LITTLETON, Colorado — A university-led lunar orbiter designed to pinpoint the location of ice or liquid water trapped in rocks on the moon’s surface is nearly ready for takeoff.
The Lunar Trailblazer is slated to launch atop a SpaceX Falcon 9 rocket no earlier than Feb. 26 from NASA’s Kennedy Space Center in Florida. It will fly as a “rideshare” along with the primary payload — the Athena lunar lander, built by Houston company Intuitive Machines.
Here within a Lockheed Martin clean room, where it underwent final grooming ahead of shipping to Cape Canaveral, Lunar Trailblazer utilized the aerospace company’s new Curio platform. Curio is a novel and scalable smallsat spacecraft architecture, designed to aid deep-space exploration and to probe scientific questions in a cost-efficient way.
Lunar Trailblazer is managed by NASA’s Jet Propulsion Laboratory (JPL) and led by the California Institute of Technology (Caltech) in Pasadena. Bethany Ehlmann, professor of planetary science at Caltech, is the mission’s principal investigator.
Lockheed Martin developed and built the roughly 440-pound (200 kilograms) spacecraft, as well as integrated the craft’s science instruments. The probe is outfitted with two deployable solar arrays.
Related: Private Athena moon lander arrives in Florida ahead of SpaceX launch on Feb. 26
Water signature
Lunar Trailblazer instruments will peer into the moon‘s permanently shadowed regions to spot micro-cold traps less than a football field in size.
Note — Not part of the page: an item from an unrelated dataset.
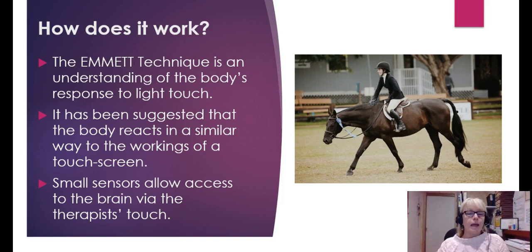It works on the understanding that the body actually responds really well to light touch. You see a horse flick away a fly — it knows it can really respond to light touch. It's been suggested that the body reacts similar to the workings of a touch screen. Small sensors in the body allow us to access the brain via touch.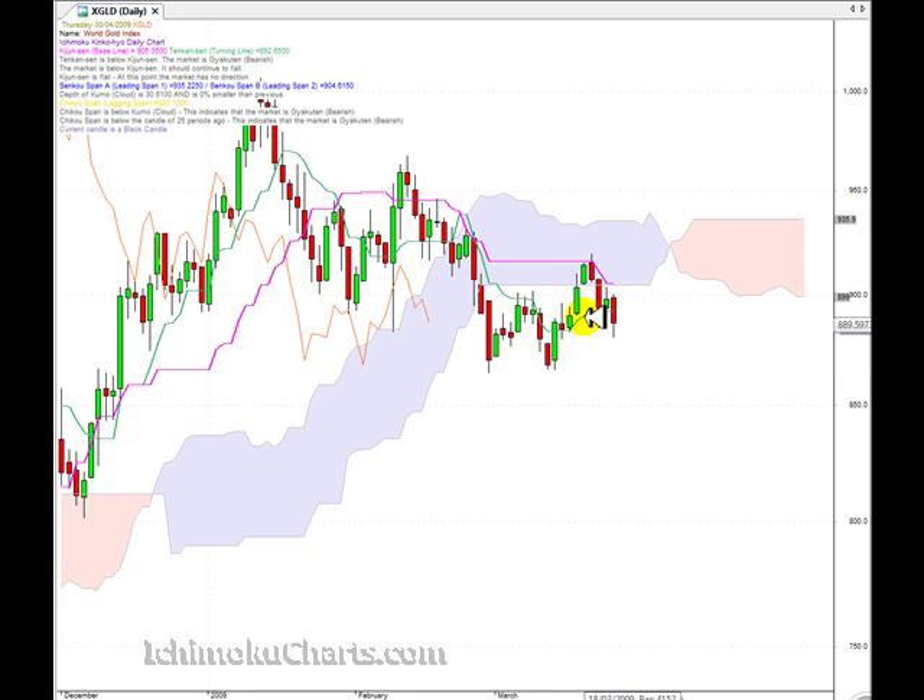Importantly, the green line, the Tenkin Sen, has failed to act as resistance. We've closed down — I'd say substantially through there.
Furthermore, the pole-to-pole probe will collect measurements at multiple times of day over sunlit regions, helping researchers decipher whether water signatures on the illuminated surface change as the lunar surface temperature changes by hundreds of degrees over the course of a lunar day.
“Lunar Trailblazer shares a good bit of heritage with the GRAIL spacecraft that explored lunar gravity,” said Bronson Collins, Lunar Trailblazer spacecraft chief engineer.
NASA’s GRAIL (“Gravity Recovery and Interior Laboratory”) mission launched twin spacecraft dubbed “Ebb” and “Flow” to lunar orbit in 2011. The GRAIL probes were also designed and built by Lockheed Martin.
Launch window
Lunar Trailblazer is part of NASA’s Small Innovative Missions for Planetary Exploration (SIMPLEx) program, targeted to gather science data as it circuits the moon. The spacecraft will be operated by both Caltech and Pasadena City College students at the Caltech-based Infrared Processing and Analysis Center (IPAC).
During my Jan. 23 clean room look at the spacecraft, Collins pointed out the two Lunar Trailblazer science instruments: the JPL-provided High-resolution Volatiles and Minerals Moon Mapper (HVM3) and the Lunar Thermal Mapper (LTM), from the University of Oxford in England.
“All of the science mission is really done by those two instruments,” Collins said. They are mounted on the Curio platform that incorporates a large spherical propellant tank. “It will consume a lot of that propellant at the start of the mission to get to the moon,” he told Space.com.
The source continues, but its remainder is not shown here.